**PROBLEM DESCRIPTION:** Leaving out every picture, quote the data below exactly as it appears.

Top of DATASET EXCERPTS

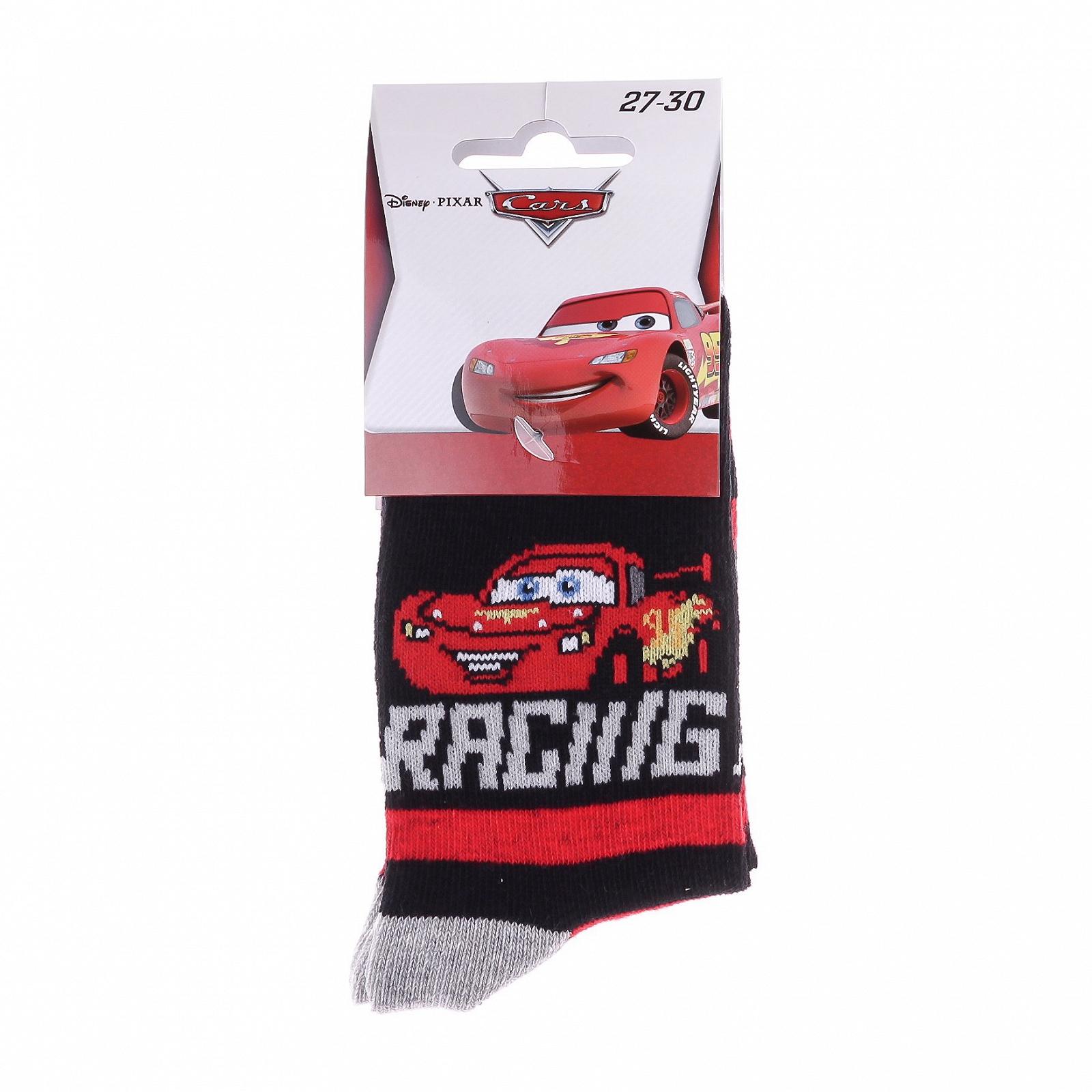 Носки CARS RACING Черный 31-34, фото №2
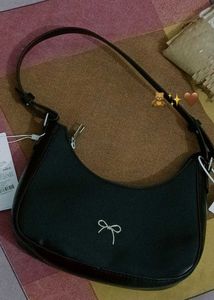 Black Shoulder Bag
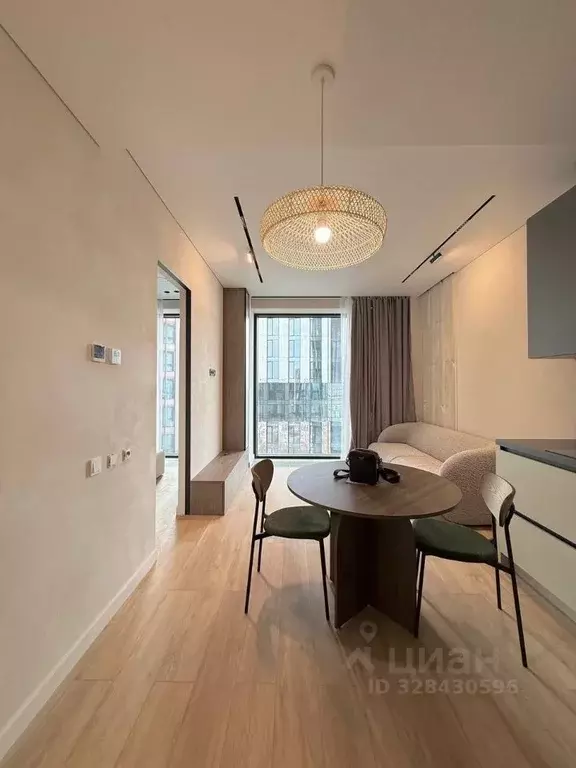 2-к кв. Москва 2-я Хуторская ул., 34 (40.0 м) - Фото 1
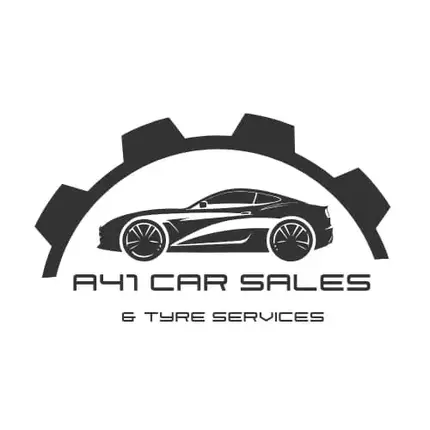 Logotyp från A41 Car Sales & Tyre Services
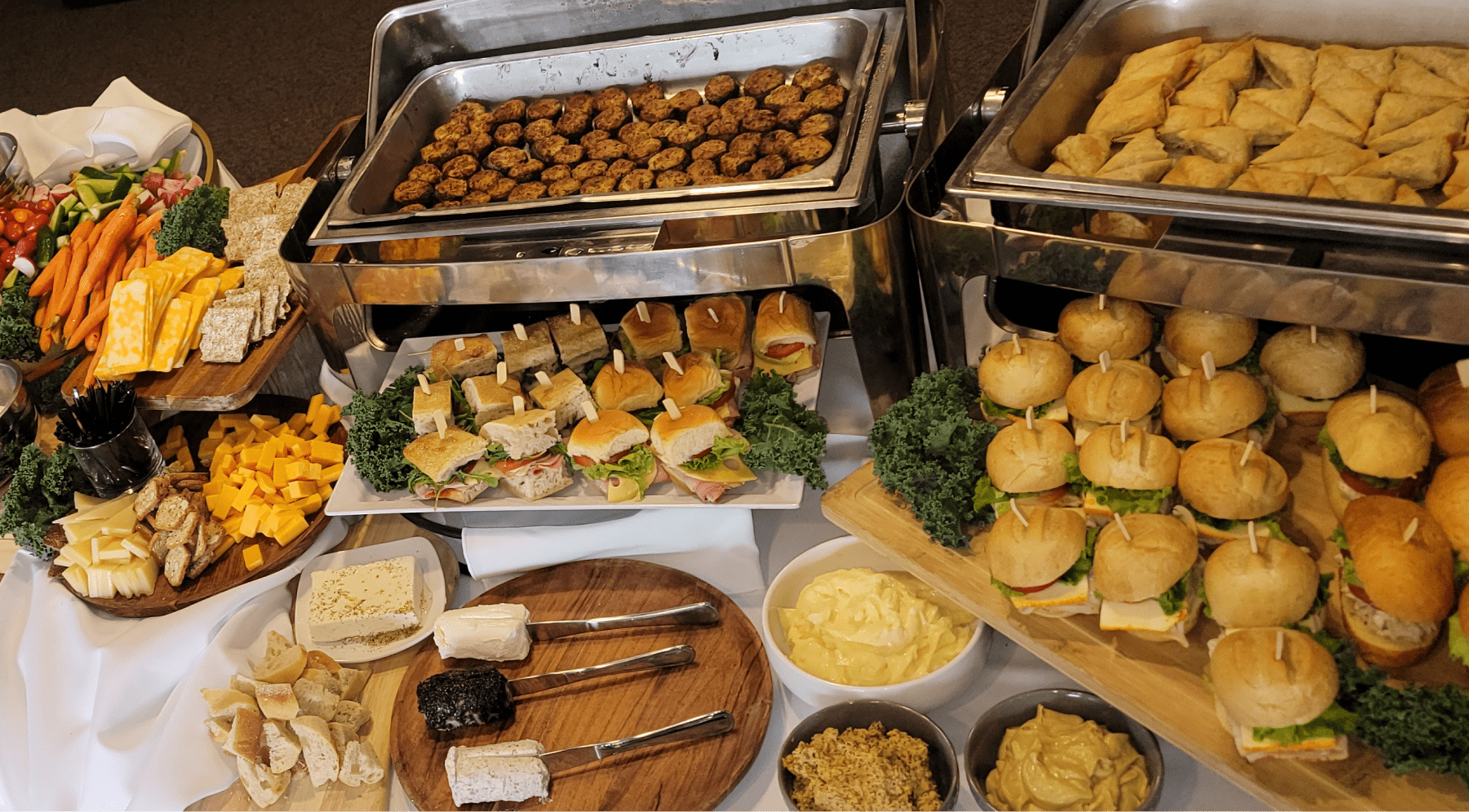 Chefs for Hire Catering Companies Ohio
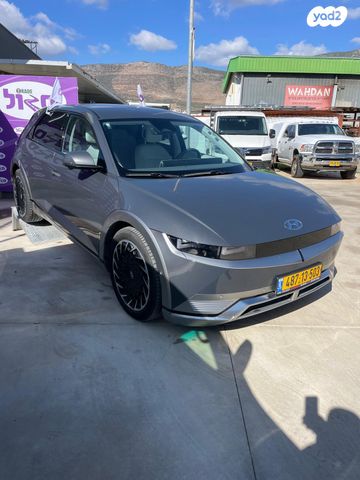 יונדאי איוניק 5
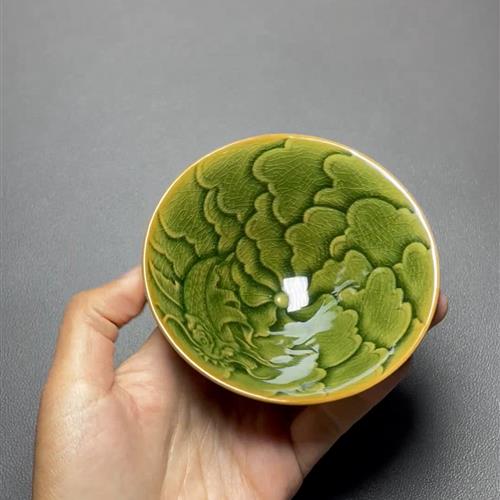 【闪购商品】茶盏-645............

Bottom of DATASET EXCERPTS

**RESPONSE AREA:**
 Носки CARS RACING Черный 31-34, фото №2
 Black Shoulder Bag
 2-к кв. Москва 2-я Хуторская ул., 34 (40.0 м) - Фото 1
 Logotyp från A41 Car Sales & Tyre Services
 Chefs for Hire Catering Companies Ohio
 יונדאי איוניק 5
 【闪购商品】茶盏-645............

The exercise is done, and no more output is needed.